1. a stricter notion of causality which postulates a pervasive coherence of karmic events, but insists on the feasibility of choice and responsibility, that is, of acts which are not themselves karmic effects (thus avoiding the karmic determinism associated with the Ajivika school);
2. a notion of agency which defines the act as rooted in, or even as essentially identical with, volition and decision ('cetana') and interprets its vocal or physical implementation as a secondary phenomenon;
3. a process ontology which interprets the connection between act and experienced result strictly and exclusively as causal continuity and tries to avoid the assumption of an identical subject or substrate of act and result;
4. a comprehensive ethicization which replaces Vedic-Brahmanic notions of ritual correctness and caste-bound aptitude with more open and universal ideas of moral obligation and value;
5. a more radical notion of final liberation ('nirvana'/'nibbana') and the commitment to achive it by eliminating the roots of karmic existence, that is, selfish desire and the illusion of the self.

All these areas leave room for further analysis and debate.
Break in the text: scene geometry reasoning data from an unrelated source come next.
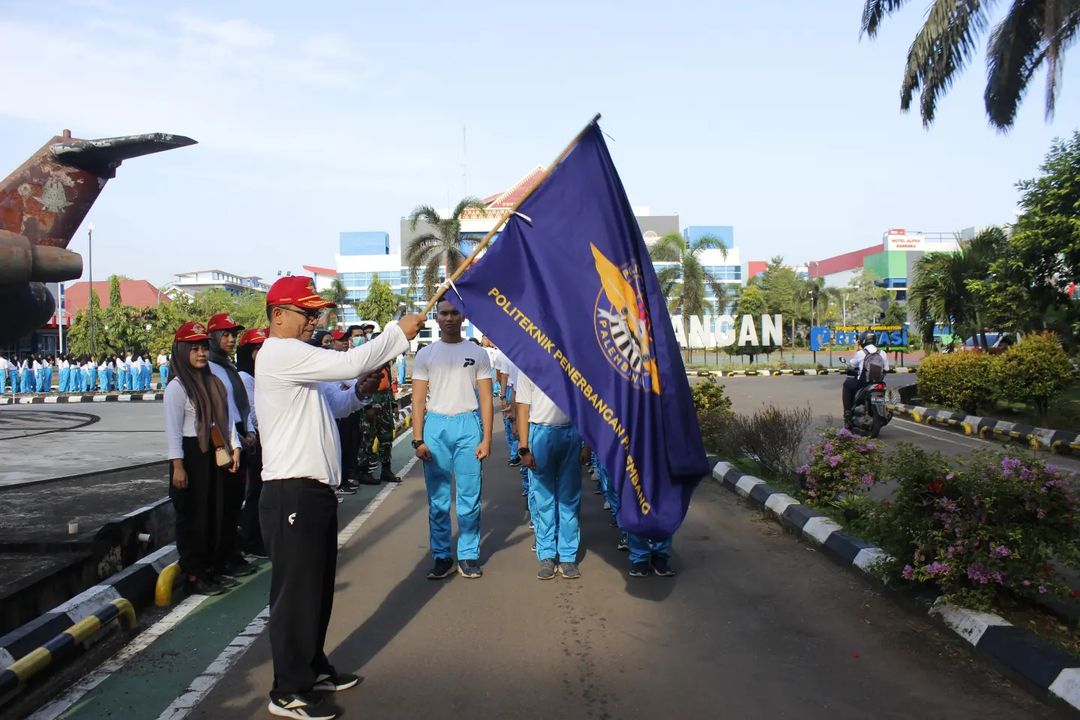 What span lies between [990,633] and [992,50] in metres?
15.9

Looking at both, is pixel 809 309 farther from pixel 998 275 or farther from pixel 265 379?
pixel 265 379

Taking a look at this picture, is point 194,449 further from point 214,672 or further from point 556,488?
point 556,488

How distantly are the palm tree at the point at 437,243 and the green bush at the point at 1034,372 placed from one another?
81.4 feet

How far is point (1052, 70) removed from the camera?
16.0 m

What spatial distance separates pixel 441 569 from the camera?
6.29m

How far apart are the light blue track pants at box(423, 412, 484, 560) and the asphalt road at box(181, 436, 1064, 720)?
33 cm

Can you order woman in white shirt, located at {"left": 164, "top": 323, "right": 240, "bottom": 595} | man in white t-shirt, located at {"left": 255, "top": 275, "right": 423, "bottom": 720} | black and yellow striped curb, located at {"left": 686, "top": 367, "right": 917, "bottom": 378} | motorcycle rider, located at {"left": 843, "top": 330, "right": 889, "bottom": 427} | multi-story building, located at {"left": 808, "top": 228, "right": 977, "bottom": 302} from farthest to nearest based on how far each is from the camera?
multi-story building, located at {"left": 808, "top": 228, "right": 977, "bottom": 302}
black and yellow striped curb, located at {"left": 686, "top": 367, "right": 917, "bottom": 378}
motorcycle rider, located at {"left": 843, "top": 330, "right": 889, "bottom": 427}
woman in white shirt, located at {"left": 164, "top": 323, "right": 240, "bottom": 595}
man in white t-shirt, located at {"left": 255, "top": 275, "right": 423, "bottom": 720}

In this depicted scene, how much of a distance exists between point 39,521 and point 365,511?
303cm

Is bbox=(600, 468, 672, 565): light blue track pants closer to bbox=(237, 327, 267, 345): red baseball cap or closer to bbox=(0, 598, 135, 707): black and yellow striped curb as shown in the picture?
bbox=(237, 327, 267, 345): red baseball cap

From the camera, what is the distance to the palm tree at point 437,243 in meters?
37.3


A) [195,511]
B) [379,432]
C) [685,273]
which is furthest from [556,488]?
[685,273]

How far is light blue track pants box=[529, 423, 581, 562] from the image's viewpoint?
6.32 metres

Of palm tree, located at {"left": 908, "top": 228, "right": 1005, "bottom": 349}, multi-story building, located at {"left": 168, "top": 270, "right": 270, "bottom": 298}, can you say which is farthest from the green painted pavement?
multi-story building, located at {"left": 168, "top": 270, "right": 270, "bottom": 298}

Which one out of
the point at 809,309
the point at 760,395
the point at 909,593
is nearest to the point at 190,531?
the point at 909,593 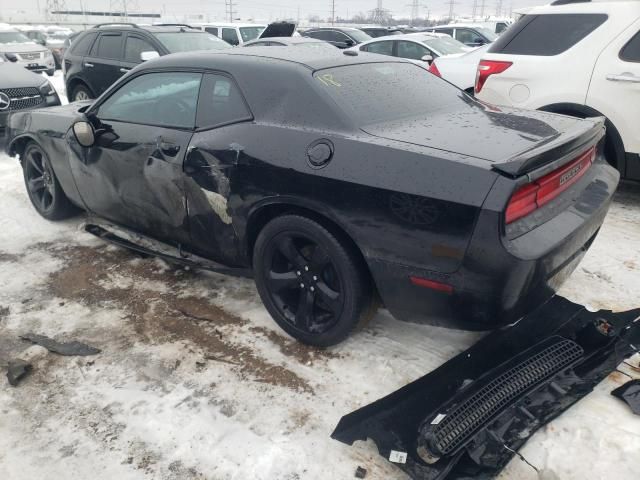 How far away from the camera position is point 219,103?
10.1 feet

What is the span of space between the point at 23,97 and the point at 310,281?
6687 mm

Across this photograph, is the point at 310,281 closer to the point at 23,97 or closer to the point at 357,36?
the point at 23,97

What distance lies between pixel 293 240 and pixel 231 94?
97 cm

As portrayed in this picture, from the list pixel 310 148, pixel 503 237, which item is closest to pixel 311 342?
pixel 310 148

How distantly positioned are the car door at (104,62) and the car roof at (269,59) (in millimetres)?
5077

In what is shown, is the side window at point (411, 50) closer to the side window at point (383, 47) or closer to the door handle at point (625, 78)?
the side window at point (383, 47)

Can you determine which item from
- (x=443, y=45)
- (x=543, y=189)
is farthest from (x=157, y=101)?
(x=443, y=45)

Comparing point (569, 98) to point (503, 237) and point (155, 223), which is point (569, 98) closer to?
point (503, 237)

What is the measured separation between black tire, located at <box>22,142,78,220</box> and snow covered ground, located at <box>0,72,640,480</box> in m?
0.76

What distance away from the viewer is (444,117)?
2.96 meters

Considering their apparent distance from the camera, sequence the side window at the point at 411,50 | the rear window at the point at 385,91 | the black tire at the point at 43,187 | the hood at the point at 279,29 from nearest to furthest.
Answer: the rear window at the point at 385,91 → the black tire at the point at 43,187 → the side window at the point at 411,50 → the hood at the point at 279,29

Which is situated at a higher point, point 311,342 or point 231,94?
point 231,94

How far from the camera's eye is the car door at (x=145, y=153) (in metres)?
3.24

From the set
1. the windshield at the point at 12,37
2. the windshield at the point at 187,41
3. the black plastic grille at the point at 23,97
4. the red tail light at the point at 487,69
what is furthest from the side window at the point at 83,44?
the windshield at the point at 12,37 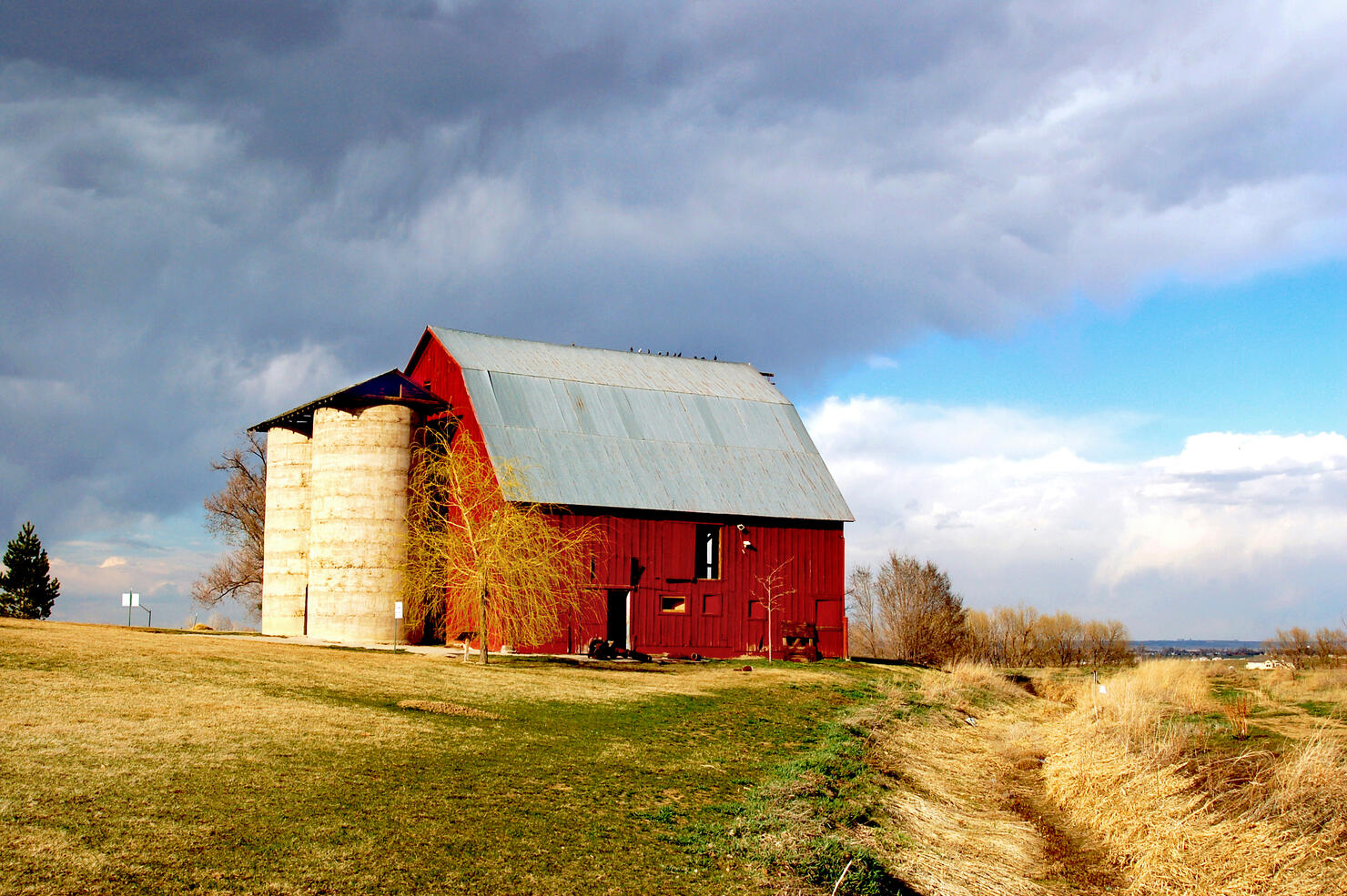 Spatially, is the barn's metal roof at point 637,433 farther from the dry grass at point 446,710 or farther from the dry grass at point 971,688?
the dry grass at point 446,710

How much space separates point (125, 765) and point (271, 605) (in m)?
30.5

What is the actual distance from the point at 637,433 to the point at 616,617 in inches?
322

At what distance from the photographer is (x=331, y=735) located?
1531 centimetres

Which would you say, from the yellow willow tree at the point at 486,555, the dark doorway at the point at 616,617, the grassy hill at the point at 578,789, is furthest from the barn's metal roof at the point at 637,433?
the grassy hill at the point at 578,789

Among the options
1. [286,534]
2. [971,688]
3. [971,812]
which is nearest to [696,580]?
[971,688]

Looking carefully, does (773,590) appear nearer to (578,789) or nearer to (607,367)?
(607,367)

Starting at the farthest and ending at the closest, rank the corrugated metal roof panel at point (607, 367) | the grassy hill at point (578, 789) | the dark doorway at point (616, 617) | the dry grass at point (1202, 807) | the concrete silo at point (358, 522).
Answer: the corrugated metal roof panel at point (607, 367), the dark doorway at point (616, 617), the concrete silo at point (358, 522), the dry grass at point (1202, 807), the grassy hill at point (578, 789)

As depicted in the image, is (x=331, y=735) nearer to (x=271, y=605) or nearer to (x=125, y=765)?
(x=125, y=765)

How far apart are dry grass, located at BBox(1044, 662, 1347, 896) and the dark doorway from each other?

What, more precisely, is the nature of the mental act or intention, and how does it relate to speech and physical action? How is karmic causality transmitted, and how does it interact with other causes? Is there an intermediate existence between death and rebirth? How does the karma influence the external, material world, and how does it determine the physiological or psychological constitution of sentient beings? What is the special karmic situation of a 'buddha' or an 'arhat', whose selfish desire has been eliminated? Such and similar issues are discussed in detail in the Abhidharma texts and the commentarial literature of the Theravada tradition, and analysed in the context of their complex theories of causal conditions ('pratyaya'/'paccaya') and the ultimate constituents of reality ('dharma'/'dhamma'). The Kathavatthu defends the Theravada views against numerous alternatives. Among the other great schools of Buddhist thought, Sarvastivada made significant and influential contributions to the dharma theory, the classification of causal factors, and the analysis of the person as a 'series' ('santana') of dharmas. Its reifying conception of 'acquisition' ('prapti') is supposed to explain the way the series is affected by the moral and karmic implications of decisions and actions. It also deals with the relation between mental acts and their vocal and physical manifestations and in general with the question of how latent actions ('avijnapti') relate to their manifest counterparts ('vijnapti'). To provide a basis for causality and especially for the durable retributive power of acts in an impermanent world, Sarvastivada developed its distinctive theory of time, which postulates an irreducible state of nonactual being or subsistence for past and future entities, side by side with the actual existence of present entities.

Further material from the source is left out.